Once mental competency proceedings under Penal Code section 1367 et seq. have been initiated, the court is to appoint at least one expert to examine the defendant under (d). Under no circumstances is the court obligated to appoint more than two experts. (Pen. Code, Section 1369(a).) The costs of the experts appointed under (d) are to be paid for by the court as the expert examinations and reports are for the benefit or use of the court in determining whether the defendant is mentally incompetent. (See Cal. Rules of Court, rule 10.810, function 10.)
Subdivision (d)(3), which provides that the defendant’s statements made during the examination cannot be used in a trial on the defendant’s guilt or a sanity trial in a not guilty by reason of sanity trial, is based on the California Supreme Court holdings in People v. Arcega (1982) 32 Cal.3d 504 and People v.
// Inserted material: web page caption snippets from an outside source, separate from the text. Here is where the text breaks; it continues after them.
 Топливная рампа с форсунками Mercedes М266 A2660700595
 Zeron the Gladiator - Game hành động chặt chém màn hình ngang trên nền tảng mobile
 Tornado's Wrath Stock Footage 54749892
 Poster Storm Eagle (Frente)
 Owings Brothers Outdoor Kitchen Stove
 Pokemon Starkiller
Weaver (2001) 26 Cal.4th 876.
Although the court is not obligated to appoint additional experts, counsel may nonetheless retain their own experts to testify at a trial on the defendant’s competency. (See People v. Mayes (1988) 202 Cal.App.4th 908, 917-918.) These experts are not for the benefit or use of the court, and their costs are not to be paid by the court. (See Cal. Rules of Court, rule 10.810, function 10.)
Both the prosecution and the defense have the right to a jury trial. (See People v. Superior Court (McPeters) (1995) 169 Cal.App.3d 796.) Defense counsel may waive this right, even over the objection of the defendant. (People v. Masterson (1994) 8 Cal.4th 965, 970.)
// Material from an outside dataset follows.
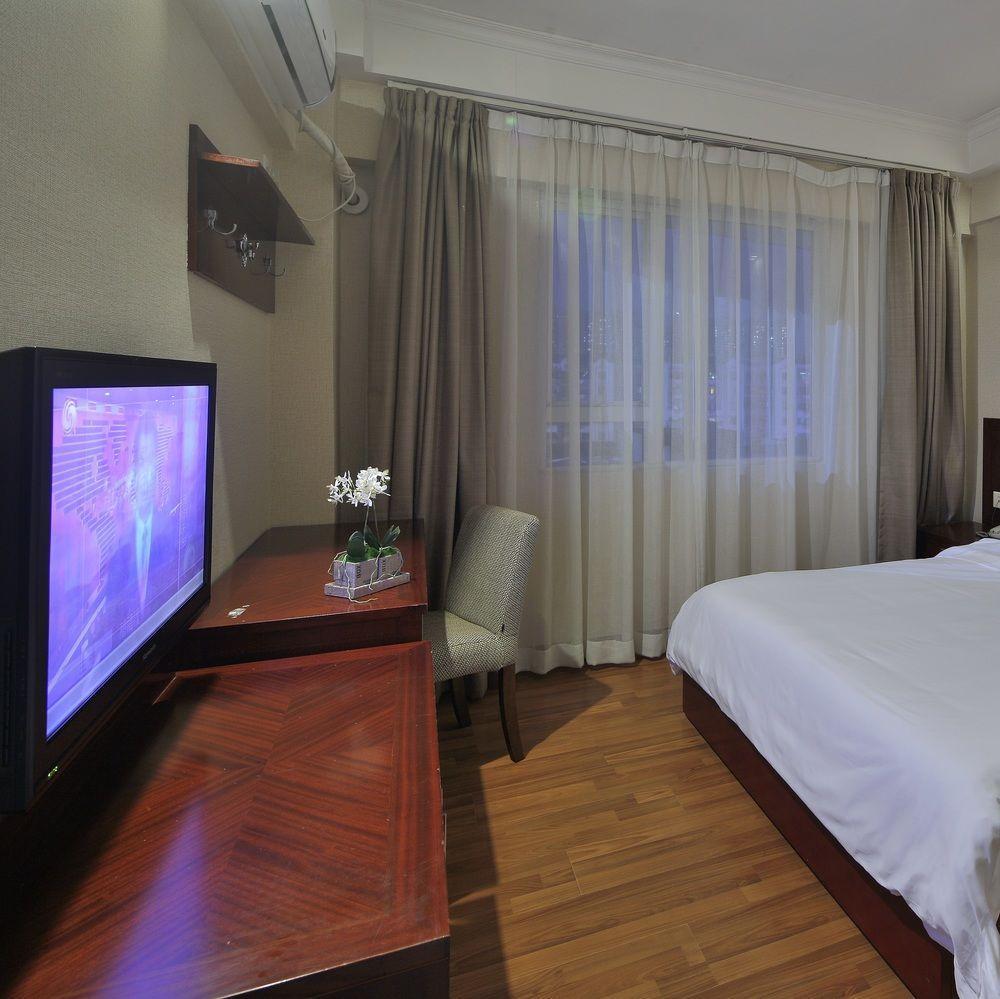 Paco Hotel Guangzhou Jiangtai Road Metro Branch Eksteriør bilde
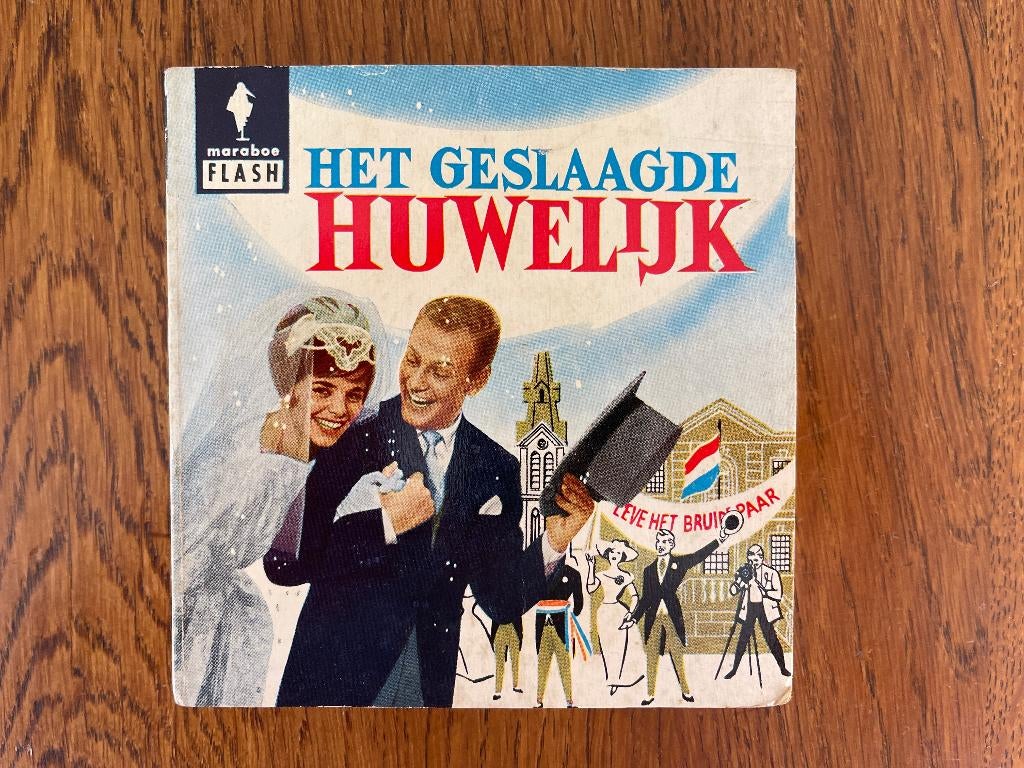 "Het Geslaagde Huwelijk" 'Maraboe FLASH', Ophalen of Verzenden, Zo goed als nieuw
Either defense counsel or the prosecution (or both) may argue that the defendant is not competent to stand trial. (People v. Stanley (1995) 10 Cal.4th 764, 804 [defense counsel may advocate that defendant is not competent to stand trial and may present evidence of defendant’s mental incompetency regardless of defendant’s desire to be found competent].) If the defense declines to present evidence of the defendant’s mental incompetency, the prosecution may do so. (Pen. Code, Section 1369(b)(2).) If the prosecution elects to present evidence of the defendant’s mental incompetency, it is the prosecution’s burden to prove the incompetency by a preponderance of the evidence. (People v. Mixon (1990) 225 Cal.App.3d 1471, 1484, fn. 12.)
Should both parties decline to present evidence of defendant’s mental incompetency, the court may do so. In those cases, the court is not to instruct the jury that a party has the burden of proof. “Rather, the proper approach would be to instruct the jury on the legal standard they are to apply to the evidence before them without allocating the burden of proof to one party or the other.” (People v. Sherik (1991) 229 Cal.App.3d 444, 459-460.)